* _How to complete this task_
Set down the data again exactly. Pictures are not part of the copy.

* _Provided material_
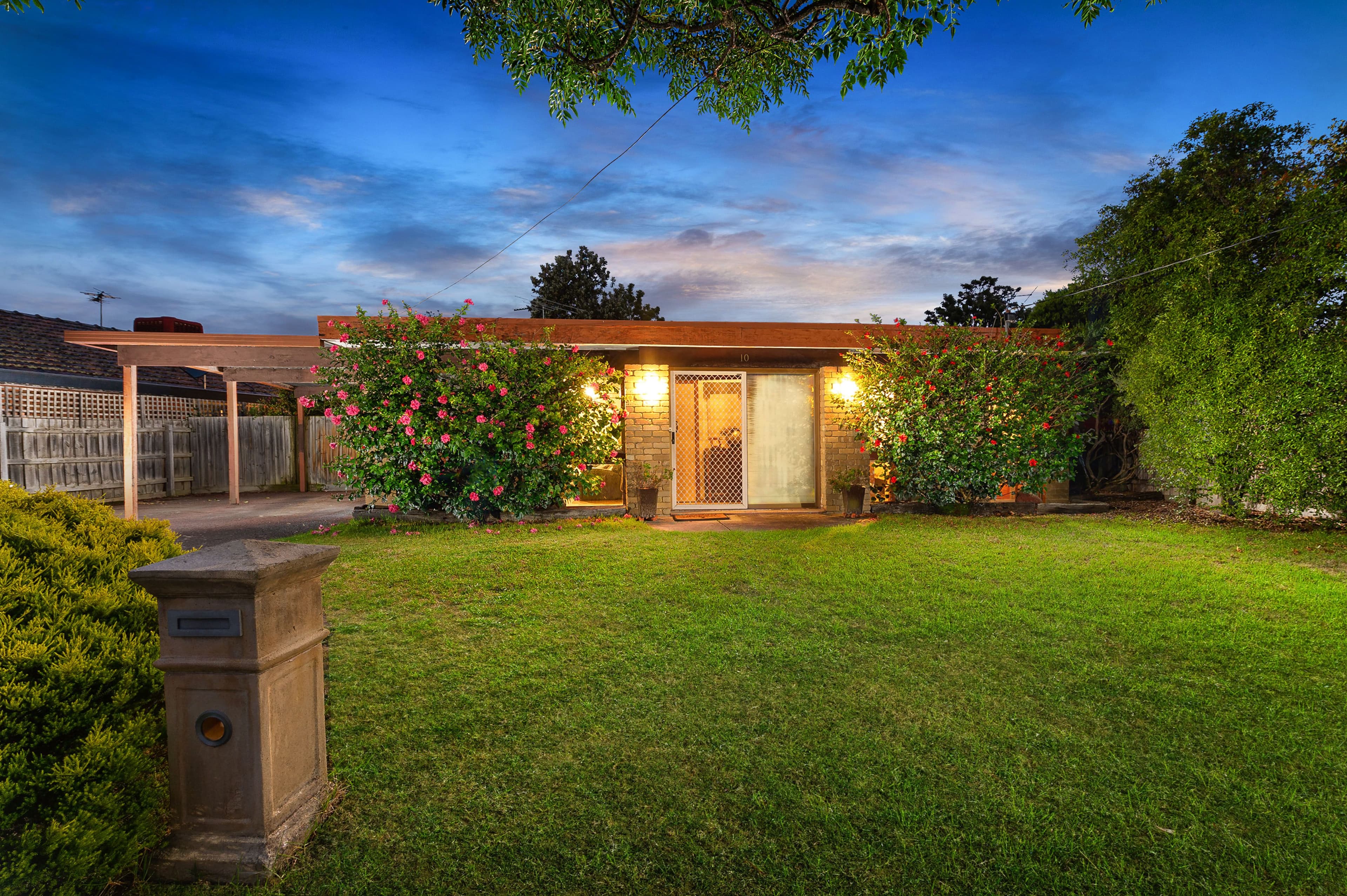 10 Ledbury Crescent, Bundoora VIC 3083, Bundoora - Image 1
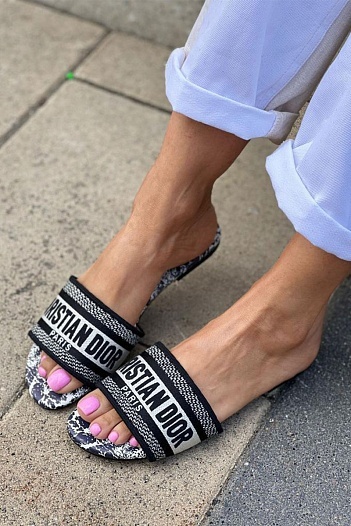 Женские шлепанцы Dior Dway Slide Embroidered Cotton   
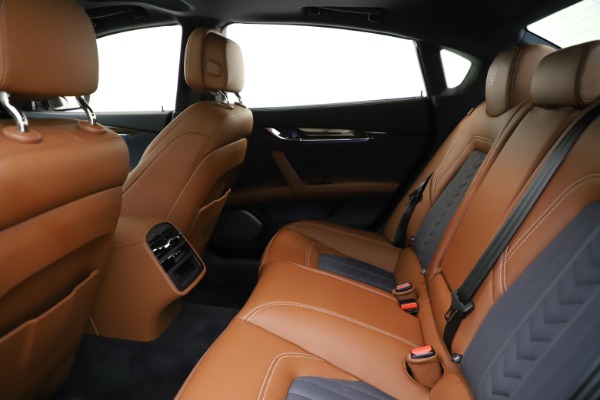 Used 2017 Maserati Quattroporte S Q4 GranLusso for sale $59,900 at Maserati of Greenwich in Greenwich CT 06830 19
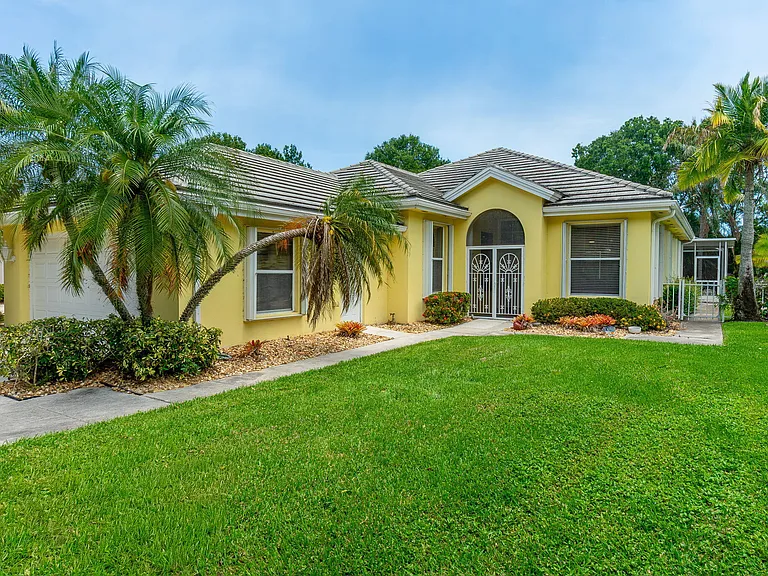 7533 SE Autumn Ln — Photo 4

* _Your response_
 10 Ledbury Crescent, Bundoora VIC 3083, Bundoora - Image 1
 Женские шлепанцы Dior Dway Slide Embroidered Cotton   
 Used 2017 Maserati Quattroporte S Q4 GranLusso for sale $59,900 at Maserati of Greenwich in Greenwich CT 06830 19
 7533 SE Autumn Ln — Photo 4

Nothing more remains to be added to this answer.